Preferably said retrieving said database comprises observing requests made by said number of users and by said further number of users over a period of time, and detecting respective similarities between said number of users and said further number of users. This feature eliminates the need for social communities. According to the present feature, the database is mined via observation. When observing users, similarities in multimedia object consumption can be detected and stored in a database. Based on this detection (based on history requests), future similarity factors are calculated and multimedia objects are cached via the method of the invention.

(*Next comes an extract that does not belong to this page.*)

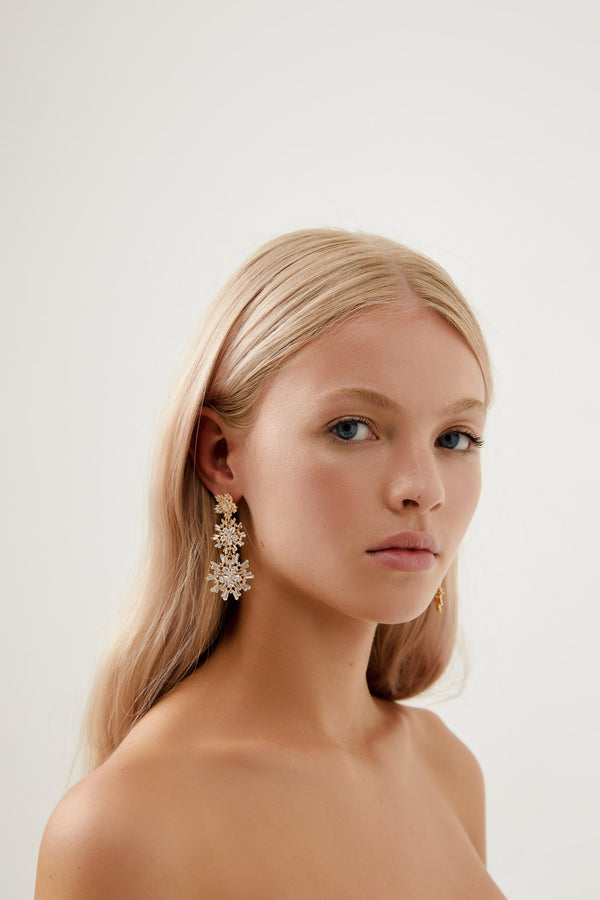 Crystal Earrings Wedding by Amelie George Bridal, Gold Modern Wedding Jewellery 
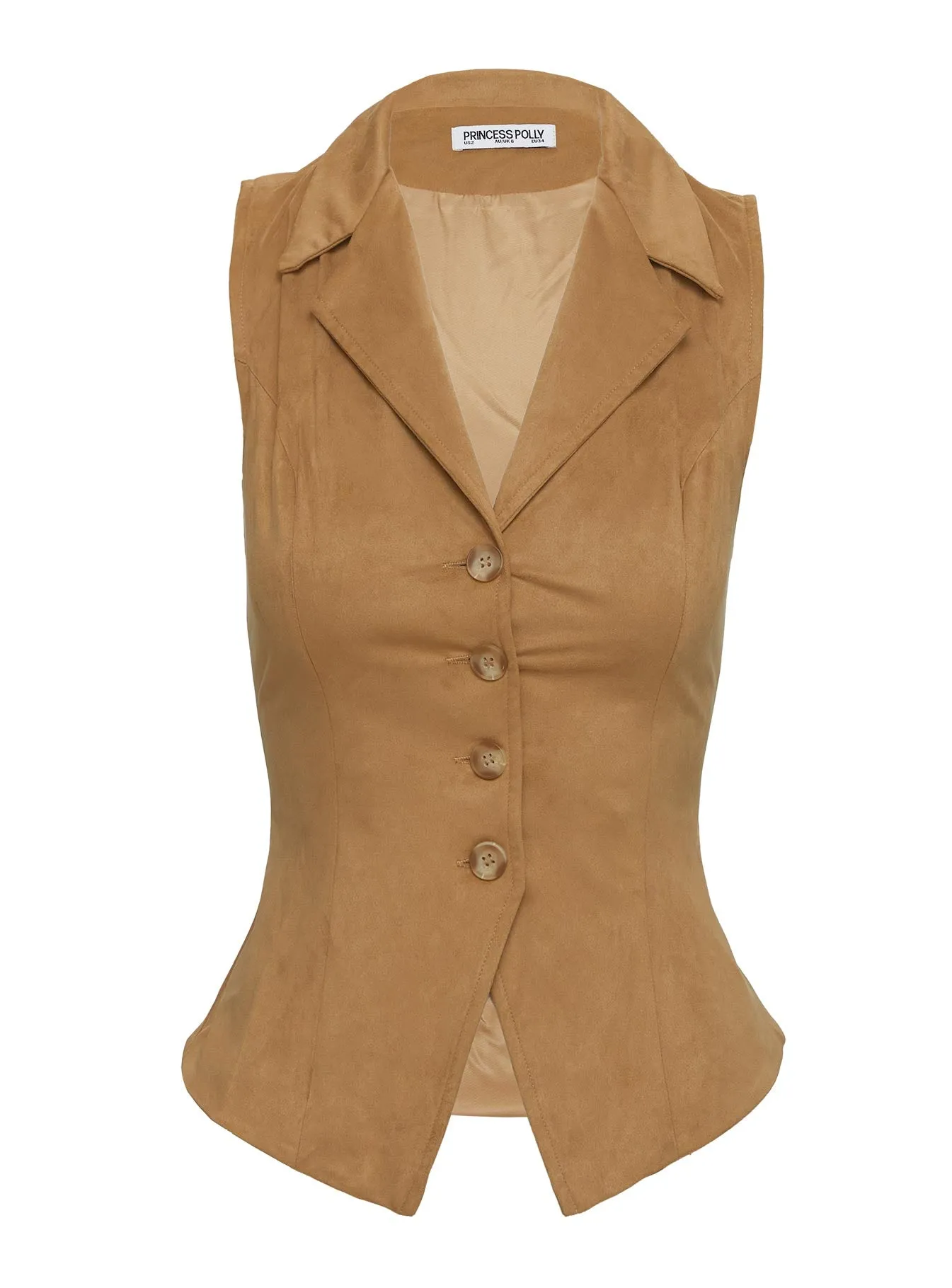 Oh So Retro Faux Suede Vest Beige sold by Princess Polly product image thumbnail 5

Preferably the step of selecting which multimedia objects to cache comprises ranking the multimedia objects from highest to lowest the second popularity factor and selecting the top list of the ranked multimedia objects. Thereby the top list comprises a predetermined number of multimedia objects, or comprises a number of multimedia objects occupying (or representing) a predetermined data capacity. By ranking and then selecting a top list, an easy way is provided to select the multimedia objects with the highest second popularity factor. Furthermore, in the cache, the top list of multimedia objects is stored. Alternatively, the cache has a predetermined data capacity, which is preferably fully occupied. In the latter case, multimedia objects are selected from the ranked list until the cache is full.

Preferably said calculating said second popularity factor is calculated for each multimedia object as the sum of the first popularity factor and the further popularity factors retrieved from other caches multiplied by their corresponding similarity factors between the first cache and the other caches. Thereby a simple formula can be executed by each cache, based on information calculated in the cache and information retrieved by the cache, to determine the second popularity factor of the multimedia objects.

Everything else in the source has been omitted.